Cassius: And why do we care so much about repeatability and reproductibility? One of the reasons is that there are people in this world who will shave the edge off a coin, who will put their thumb on the scale, who will manipulate positions to suit their own purposes even in philosophy. You want something that removes as much as possible the possibility of corruption or bias. You want something as uniform as possible to serve as your standard.
Joshua: You’re absolutely right. And what Thomas Jefferson really wanted was for commerce to be done in square volume — instead of a round wine bottle, a square bottle — so that any farmer who went into town to trade needed only a ruler to tell whether the merchant was trying to cheat him. On that subject, I think it was Isaac Newton who was given a notional post at the Royal Mint — it may have been an excuse to give him money, but he apparently took it quite seriously. It was because of him that they started putting ridges on the edge of coins. If you look at the side of a dime, for example, it has those ridges etched into it. When money was made of actual precious metal, the point was that you could tell just by looking at the side whether someone had clipped the coin, because that factory edge would be missing.
Cassius: And of course in ancient Greece they had the klepsydra — a water clock — used in the courts of law to give each side equal speaking time. You’d have this water tank with an allotment for how long you could speak. They’d pull the plug and you’d start talking. When the water ran out, you had to stop. Without short-circuiting our discussion, I really do think that’s the direction we’re going in here. The lesson to be taken from all this is that whatever size the sun is, you get it by observing it through your senses — the appearances. The word “appearance” can have negative connotations, as if the appearance can be wrong. Of course the appearance can be wrong. But nevertheless, it is your sense observation and sense testing that is the basis. It’s not some arbitrary decree — not “God said it, I believe it, that settles it.” You could be very dogmatic and say the sun is X miles in diameter, but those assertions are based on a scale of measurement we ourselves selected through the senses and decided was the best way to measure. To begin to cite some specifics of the Geller Goade article: he does a very good job of summarizing the background of the issue and reaches some conclusions of his own about how the Epicureans continued to use this formulation. The same formulation appears in Lucretius several hundred years after Epicurus, without much change, and the Epicureans clearly saw it as serving a couple of different purposes. Geller Goade says it becomes a sort of litmus test — a shibboleth — and that it is an in-your-face statement that if you’re going to understand Epicurean philosophy, you’ve got to understand that the senses are ultimately at the root of all efforts to determine what is true.
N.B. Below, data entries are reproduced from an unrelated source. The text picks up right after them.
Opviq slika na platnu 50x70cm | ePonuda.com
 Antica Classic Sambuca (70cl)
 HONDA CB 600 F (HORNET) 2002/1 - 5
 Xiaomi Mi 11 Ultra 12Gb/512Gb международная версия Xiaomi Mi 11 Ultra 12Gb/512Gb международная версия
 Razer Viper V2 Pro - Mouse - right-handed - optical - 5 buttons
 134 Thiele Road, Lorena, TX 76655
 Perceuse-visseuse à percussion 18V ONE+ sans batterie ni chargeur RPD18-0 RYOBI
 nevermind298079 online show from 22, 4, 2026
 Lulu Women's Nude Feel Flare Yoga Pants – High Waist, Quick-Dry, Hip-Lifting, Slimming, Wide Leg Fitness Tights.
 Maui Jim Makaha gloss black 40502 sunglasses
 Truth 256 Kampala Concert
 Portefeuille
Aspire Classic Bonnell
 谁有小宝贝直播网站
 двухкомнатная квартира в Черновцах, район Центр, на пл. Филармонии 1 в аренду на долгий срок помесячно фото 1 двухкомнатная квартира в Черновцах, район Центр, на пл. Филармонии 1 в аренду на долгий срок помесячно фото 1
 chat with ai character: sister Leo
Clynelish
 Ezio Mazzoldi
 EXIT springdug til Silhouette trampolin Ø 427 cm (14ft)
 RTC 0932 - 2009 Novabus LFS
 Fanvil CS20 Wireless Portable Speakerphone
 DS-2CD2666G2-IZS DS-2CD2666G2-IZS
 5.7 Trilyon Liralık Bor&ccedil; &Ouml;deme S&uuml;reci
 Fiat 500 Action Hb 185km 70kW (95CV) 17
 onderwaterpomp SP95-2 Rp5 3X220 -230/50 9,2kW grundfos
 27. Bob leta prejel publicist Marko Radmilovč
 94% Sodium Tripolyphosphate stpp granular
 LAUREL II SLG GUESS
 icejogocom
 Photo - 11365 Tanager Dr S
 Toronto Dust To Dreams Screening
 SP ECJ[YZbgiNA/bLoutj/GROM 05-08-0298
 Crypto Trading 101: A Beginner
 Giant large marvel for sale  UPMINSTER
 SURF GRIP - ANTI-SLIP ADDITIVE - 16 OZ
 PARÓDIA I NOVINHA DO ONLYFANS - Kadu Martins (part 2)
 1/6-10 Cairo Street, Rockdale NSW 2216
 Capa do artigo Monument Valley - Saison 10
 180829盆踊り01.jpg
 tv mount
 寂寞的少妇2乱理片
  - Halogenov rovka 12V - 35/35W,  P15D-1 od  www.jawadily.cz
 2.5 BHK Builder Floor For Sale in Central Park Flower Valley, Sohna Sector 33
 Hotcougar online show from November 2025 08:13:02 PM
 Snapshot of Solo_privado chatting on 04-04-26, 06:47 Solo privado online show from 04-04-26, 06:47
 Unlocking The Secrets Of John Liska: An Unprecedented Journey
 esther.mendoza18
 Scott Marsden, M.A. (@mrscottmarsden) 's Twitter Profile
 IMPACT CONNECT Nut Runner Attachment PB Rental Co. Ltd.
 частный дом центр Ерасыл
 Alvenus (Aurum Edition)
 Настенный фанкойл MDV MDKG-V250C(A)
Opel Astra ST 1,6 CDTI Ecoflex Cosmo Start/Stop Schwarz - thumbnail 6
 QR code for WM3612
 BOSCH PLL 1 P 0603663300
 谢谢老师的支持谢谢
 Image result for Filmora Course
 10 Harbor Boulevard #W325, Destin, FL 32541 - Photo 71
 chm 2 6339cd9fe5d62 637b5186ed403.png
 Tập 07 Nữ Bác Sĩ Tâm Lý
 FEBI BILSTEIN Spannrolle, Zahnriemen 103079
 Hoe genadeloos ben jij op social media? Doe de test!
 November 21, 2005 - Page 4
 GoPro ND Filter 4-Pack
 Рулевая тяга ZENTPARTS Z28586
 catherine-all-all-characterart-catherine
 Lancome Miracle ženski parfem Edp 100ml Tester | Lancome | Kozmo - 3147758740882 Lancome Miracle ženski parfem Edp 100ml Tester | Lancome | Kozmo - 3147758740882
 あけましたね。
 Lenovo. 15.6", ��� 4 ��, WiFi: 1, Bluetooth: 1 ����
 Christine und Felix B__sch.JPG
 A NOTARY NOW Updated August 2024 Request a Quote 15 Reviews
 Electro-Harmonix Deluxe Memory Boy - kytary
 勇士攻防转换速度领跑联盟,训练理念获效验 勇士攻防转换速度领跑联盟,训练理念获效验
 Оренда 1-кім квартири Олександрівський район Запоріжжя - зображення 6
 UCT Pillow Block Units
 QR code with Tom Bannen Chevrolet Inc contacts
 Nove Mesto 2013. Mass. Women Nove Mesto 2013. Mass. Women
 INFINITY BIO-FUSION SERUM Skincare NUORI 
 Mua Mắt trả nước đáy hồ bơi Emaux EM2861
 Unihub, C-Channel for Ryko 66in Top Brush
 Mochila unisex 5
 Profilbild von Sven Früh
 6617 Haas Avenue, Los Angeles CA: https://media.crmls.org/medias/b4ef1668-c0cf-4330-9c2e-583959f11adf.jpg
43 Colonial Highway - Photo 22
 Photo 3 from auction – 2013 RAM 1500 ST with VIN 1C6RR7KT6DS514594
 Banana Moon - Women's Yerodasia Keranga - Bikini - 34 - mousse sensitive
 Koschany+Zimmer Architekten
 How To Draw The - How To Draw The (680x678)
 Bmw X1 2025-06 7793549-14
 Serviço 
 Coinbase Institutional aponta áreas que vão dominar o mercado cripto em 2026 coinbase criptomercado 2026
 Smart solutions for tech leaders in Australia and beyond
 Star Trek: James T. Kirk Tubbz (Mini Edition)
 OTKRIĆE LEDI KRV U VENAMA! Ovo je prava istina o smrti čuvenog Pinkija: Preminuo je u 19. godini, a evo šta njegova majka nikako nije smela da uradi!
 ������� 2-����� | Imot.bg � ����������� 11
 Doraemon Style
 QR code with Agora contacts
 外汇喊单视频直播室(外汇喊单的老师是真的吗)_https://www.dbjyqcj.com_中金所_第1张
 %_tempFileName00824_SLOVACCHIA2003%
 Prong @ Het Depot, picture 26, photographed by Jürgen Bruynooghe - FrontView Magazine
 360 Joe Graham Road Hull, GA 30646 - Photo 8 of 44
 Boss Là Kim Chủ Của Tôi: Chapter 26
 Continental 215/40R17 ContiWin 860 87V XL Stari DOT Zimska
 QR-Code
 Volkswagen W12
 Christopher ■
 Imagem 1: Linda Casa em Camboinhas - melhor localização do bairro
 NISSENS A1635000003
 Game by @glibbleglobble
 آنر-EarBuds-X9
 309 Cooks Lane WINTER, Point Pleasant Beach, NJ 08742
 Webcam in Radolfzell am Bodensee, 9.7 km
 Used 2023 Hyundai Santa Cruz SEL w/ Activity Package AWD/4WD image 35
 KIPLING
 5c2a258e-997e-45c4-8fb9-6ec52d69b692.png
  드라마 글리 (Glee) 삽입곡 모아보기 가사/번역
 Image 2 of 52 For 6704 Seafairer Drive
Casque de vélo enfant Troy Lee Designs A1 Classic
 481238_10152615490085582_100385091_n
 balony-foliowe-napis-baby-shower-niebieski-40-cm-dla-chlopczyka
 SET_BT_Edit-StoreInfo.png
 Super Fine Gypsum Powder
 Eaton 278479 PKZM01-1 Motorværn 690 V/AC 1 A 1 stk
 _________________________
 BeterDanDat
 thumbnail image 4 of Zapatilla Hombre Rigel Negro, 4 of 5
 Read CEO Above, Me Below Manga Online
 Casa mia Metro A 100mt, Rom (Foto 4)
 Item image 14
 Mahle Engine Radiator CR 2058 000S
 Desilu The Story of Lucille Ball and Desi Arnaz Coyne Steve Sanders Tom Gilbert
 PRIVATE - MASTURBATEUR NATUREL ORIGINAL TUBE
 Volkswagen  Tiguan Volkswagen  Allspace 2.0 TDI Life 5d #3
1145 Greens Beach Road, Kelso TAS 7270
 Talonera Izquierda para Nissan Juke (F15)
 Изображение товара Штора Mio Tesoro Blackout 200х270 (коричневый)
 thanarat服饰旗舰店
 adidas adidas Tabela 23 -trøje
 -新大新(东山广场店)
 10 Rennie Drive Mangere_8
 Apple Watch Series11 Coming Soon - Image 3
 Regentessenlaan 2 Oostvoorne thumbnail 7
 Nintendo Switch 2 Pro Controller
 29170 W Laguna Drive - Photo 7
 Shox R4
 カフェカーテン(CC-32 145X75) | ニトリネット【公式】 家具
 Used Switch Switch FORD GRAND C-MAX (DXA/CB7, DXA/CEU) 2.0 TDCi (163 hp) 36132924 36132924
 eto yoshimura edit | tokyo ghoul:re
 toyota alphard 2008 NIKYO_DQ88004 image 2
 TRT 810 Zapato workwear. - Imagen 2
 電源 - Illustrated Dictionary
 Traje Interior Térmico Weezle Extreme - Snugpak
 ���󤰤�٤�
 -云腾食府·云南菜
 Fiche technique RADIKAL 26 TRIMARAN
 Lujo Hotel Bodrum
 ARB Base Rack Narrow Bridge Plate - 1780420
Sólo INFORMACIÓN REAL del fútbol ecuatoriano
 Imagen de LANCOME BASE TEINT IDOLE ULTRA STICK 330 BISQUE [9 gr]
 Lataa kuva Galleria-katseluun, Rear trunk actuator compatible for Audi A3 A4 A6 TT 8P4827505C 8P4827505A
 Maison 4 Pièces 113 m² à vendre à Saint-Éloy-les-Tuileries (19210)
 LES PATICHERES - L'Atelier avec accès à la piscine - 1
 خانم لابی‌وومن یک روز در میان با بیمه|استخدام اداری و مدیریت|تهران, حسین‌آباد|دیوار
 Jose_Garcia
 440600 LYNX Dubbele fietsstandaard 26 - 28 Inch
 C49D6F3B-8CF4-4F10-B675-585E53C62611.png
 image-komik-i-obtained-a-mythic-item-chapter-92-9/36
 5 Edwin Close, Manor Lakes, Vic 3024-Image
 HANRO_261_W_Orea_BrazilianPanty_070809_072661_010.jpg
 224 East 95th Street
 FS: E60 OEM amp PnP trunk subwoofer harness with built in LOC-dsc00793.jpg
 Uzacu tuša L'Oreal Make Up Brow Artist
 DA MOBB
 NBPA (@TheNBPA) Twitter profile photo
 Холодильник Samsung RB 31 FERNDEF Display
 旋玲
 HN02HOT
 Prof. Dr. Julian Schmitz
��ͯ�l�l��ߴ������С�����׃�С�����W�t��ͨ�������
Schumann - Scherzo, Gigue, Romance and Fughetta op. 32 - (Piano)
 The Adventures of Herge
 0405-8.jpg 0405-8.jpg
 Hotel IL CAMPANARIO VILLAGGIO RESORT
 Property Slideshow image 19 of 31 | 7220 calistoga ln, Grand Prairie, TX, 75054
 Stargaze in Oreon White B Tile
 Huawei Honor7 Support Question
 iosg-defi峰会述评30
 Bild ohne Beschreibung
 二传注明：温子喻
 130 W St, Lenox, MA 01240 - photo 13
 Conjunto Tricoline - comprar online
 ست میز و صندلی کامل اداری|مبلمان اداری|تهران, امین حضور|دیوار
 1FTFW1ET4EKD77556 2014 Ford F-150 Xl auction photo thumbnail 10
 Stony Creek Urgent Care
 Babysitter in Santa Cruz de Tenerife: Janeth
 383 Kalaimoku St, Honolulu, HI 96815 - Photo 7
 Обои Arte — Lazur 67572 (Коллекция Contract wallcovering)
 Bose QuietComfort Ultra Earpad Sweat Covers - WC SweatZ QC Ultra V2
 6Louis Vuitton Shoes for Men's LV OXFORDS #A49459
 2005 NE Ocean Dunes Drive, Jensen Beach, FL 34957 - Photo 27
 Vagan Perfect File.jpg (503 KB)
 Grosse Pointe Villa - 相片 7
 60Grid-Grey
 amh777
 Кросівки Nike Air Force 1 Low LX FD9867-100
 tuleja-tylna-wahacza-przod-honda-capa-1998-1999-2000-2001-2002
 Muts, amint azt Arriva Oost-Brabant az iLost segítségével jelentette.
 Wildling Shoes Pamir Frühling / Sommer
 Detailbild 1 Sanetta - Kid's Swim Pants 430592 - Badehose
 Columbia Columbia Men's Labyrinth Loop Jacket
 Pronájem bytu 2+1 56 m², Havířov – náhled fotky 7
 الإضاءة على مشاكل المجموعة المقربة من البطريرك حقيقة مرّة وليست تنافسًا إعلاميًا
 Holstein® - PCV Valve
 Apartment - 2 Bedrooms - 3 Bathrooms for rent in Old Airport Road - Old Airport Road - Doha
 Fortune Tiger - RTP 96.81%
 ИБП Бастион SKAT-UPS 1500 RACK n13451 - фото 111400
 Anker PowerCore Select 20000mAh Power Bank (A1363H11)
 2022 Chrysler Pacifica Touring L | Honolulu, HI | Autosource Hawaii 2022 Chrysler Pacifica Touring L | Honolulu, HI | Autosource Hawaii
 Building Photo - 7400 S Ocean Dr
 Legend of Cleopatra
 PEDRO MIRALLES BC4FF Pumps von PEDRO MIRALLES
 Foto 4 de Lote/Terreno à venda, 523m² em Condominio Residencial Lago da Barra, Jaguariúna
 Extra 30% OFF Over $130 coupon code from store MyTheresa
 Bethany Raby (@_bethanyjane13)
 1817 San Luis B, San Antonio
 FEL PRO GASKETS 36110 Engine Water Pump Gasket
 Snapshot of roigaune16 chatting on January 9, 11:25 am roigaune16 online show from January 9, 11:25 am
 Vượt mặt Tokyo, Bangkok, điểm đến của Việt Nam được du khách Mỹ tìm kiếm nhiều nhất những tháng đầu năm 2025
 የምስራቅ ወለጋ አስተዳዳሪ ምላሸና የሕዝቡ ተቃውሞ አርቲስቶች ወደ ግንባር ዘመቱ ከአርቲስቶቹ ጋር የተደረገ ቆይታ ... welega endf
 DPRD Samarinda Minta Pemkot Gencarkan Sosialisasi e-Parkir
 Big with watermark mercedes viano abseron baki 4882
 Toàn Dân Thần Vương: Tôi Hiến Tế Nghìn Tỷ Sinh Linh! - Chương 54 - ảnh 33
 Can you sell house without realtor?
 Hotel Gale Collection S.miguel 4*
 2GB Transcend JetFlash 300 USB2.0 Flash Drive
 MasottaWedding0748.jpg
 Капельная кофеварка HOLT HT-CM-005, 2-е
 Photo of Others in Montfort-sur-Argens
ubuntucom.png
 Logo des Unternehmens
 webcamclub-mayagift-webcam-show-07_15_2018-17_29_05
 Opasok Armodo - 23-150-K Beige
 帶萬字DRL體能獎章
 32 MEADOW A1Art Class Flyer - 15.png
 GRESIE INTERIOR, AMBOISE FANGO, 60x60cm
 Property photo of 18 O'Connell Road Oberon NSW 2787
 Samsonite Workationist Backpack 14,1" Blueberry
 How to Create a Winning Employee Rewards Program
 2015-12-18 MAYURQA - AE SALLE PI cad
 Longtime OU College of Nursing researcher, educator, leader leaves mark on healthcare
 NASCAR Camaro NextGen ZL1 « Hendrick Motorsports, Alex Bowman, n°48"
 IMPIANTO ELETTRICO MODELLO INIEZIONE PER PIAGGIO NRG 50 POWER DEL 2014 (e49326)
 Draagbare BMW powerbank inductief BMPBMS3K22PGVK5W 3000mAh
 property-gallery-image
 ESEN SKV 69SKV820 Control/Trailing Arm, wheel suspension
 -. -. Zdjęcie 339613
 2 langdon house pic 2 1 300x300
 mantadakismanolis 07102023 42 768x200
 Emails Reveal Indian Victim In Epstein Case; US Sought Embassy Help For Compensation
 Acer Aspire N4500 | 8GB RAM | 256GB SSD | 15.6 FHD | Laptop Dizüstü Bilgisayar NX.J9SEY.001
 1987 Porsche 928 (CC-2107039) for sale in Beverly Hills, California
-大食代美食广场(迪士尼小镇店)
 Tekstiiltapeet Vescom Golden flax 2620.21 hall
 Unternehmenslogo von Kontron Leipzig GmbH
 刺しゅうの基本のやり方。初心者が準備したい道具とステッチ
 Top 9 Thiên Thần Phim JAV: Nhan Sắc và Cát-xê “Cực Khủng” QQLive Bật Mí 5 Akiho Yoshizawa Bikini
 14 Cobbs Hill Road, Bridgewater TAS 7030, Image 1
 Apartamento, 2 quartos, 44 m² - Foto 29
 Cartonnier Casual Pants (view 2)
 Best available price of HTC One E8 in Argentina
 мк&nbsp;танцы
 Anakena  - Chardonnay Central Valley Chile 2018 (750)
Joshua: There are two main points I want to articulate here on the size of the sun. The first: while we can’t get closer to the sun, we can set things against it to create another frame of reference. Greece has a lot of coastline and a lot of mountains. If you set a trireme on the horizon against the setting sun and the sun is larger than the trireme, you know the sun is at minimum bigger than a trireme. If the sun sets over a distant mountain and doesn’t get eclipsed by it, you know the sun is bigger than that mountain. But Epicurus can only carry that so far — he can’t set everything against the sun — and we keep circling back to the fundamental problem: we simply cannot get close enough to either of these bodies to have any confidence about our conclusion.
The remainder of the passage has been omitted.